**Extracted information**:
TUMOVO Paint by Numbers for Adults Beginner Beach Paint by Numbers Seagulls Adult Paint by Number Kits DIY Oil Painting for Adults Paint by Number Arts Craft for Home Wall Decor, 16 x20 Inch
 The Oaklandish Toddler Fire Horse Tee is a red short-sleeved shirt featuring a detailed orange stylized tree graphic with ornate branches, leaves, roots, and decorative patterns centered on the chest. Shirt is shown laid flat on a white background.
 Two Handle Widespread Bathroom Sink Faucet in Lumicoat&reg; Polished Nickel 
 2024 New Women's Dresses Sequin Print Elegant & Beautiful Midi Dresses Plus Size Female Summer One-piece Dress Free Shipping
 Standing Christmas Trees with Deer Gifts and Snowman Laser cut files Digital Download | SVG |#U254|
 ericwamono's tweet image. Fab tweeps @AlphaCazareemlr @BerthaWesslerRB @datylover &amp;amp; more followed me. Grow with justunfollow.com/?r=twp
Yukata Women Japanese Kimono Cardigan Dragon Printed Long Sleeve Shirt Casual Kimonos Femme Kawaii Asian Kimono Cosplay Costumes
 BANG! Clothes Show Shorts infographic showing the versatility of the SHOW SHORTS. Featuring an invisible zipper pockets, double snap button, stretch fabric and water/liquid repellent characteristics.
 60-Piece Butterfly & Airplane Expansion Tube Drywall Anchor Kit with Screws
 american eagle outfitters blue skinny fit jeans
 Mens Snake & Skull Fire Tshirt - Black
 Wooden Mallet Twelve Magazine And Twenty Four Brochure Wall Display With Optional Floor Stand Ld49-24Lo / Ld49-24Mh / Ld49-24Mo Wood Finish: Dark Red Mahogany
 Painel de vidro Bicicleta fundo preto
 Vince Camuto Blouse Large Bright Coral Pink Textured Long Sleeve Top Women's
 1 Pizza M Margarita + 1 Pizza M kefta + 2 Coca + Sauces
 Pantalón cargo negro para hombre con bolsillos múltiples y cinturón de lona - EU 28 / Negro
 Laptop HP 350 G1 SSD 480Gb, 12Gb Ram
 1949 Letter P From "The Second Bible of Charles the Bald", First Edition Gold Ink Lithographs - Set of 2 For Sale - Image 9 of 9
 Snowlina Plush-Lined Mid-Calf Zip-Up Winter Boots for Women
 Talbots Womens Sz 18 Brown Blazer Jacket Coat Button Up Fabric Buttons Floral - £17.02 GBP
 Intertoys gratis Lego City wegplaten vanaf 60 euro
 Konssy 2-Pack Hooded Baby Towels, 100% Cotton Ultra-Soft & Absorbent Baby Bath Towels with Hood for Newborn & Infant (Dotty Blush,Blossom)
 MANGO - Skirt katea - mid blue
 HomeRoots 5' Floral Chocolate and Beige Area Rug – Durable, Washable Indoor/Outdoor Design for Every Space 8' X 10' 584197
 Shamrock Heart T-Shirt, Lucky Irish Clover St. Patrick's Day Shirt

**Activity**: Write out exactly the lines that fall from the line with "Yukata Women Japanese" to the line with "Konssy 2-Pack Hooded" in the records above, keeping both ends.

**Expected answer**:
Yukata Women Japanese Kimono Cardigan Dragon Printed Long Sleeve Shirt Casual Kimonos Femme Kawaii Asian Kimono Cosplay Costumes
 BANG! Clothes Show Shorts infographic showing the versatility of the SHOW SHORTS. Featuring an invisible zipper pockets, double snap button, stretch fabric and water/liquid repellent characteristics.
 60-Piece Butterfly & Airplane Expansion Tube Drywall Anchor Kit with Screws
 american eagle outfitters blue skinny fit jeans
 Mens Snake & Skull Fire Tshirt - Black
 Wooden Mallet Twelve Magazine And Twenty Four Brochure Wall Display With Optional Floor Stand Ld49-24Lo / Ld49-24Mh / Ld49-24Mo Wood Finish: Dark Red Mahogany
 Painel de vidro Bicicleta fundo preto
 Vince Camuto Blouse Large Bright Coral Pink Textured Long Sleeve Top Women's
 1 Pizza M Margarita + 1 Pizza M kefta + 2 Coca + Sauces
 Pantalón cargo negro para hombre con bolsillos múltiples y cinturón de lona - EU 28 / Negro
 Laptop HP 350 G1 SSD 480Gb, 12Gb Ram
 1949 Letter P From "The Second Bible of Charles the Bald", First Edition Gold Ink Lithographs - Set of 2 For Sale - Image 9 of 9
 Snowlina Plush-Lined Mid-Calf Zip-Up Winter Boots for Women
 Talbots Womens Sz 18 Brown Blazer Jacket Coat Button Up Fabric Buttons Floral - £17.02 GBP
 Intertoys gratis Lego City wegplaten vanaf 60 euro
 Konssy 2-Pack Hooded Baby Towels, 100% Cotton Ultra-Soft & Absorbent Baby Bath Towels with Hood for Newborn & Infant (Dotty Blush,Blossom)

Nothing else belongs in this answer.